You want to know who they are, these wise guys in Kinshasa I spoke to? Your fucking friends! . . . the fatcats [your guy] won't have anything to do with till he's built Jerusalem in Kivu! [eastern Congo] You know what they call themselves, this band of altruistic public servants when they're swilling beer and screwing whores and deciding which kind of Mercedes to buy? - the Thirty Per Cent Club. What's thirty per cent? Thirty per cent is the People's Portion that they propose to award themselves in exchange for favours they are granting to the Middle Path. It's the piece of this crappy operation that persuades arseholes like my father that they can build schools and roads and hospitals while they line their fucking pockets. What do these fatcats have to do to earn themselves the People's Portion? What they like to do best: nothing. Look the other way. Tell their troops to stay in their barracks and stop raping people for a few days.

[Now pretending to speak to the new hero-leader backed by the corporation: "No problem. . . You want to stage a couple of riots in Bukavu and Goma, take the place over ahead of the elections, kick out the Rwandans and start a little war? No problem! You want to grab Kavumu airport, play the minerals game, steal the stockpiles, take them to Europe and depress the world market with a short-sell? Do it! One small detail. We distribute the People's Portion, not you. And how we distribute it is our fucking business.
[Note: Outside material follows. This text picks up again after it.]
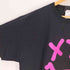 オクトパスアーミー OCTOPUS ARMY anvil ボディ NO JUSTICE ペイント スマイル プリント S/S Tシャツ メンズ import:XL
You want your [guy] to be Governor of South Kivu? He has our total, selfless support. Because every fucking building contract he awards, every road he thinks he's going to build and every fucking flower he plants along the Avenue Patrice Lumumba, we take one-third. And if you shit on us, we'll throw the constitutional book at you, we'll run you out of the country in your fucking underwear. Thank you for your time.
Le Carre has always excelled at setting up the binary oppositions by which we order our world: capitalist vs. communist, freedom vs. tyranny, civilized vs. savage. But with him it's always a set up. He gets us to ask the question, are we really the opposite of our enemy? Or do we resemble each other in some ways. We aren't the same as our enemy, or our appointed "other." But aren't we closer than we think? So here the question is, isn't London (or Washington DC) more like Kinshasa than we think?

Noir Rule 6: fighting the corruption of your enemy means first fighting it in yourself.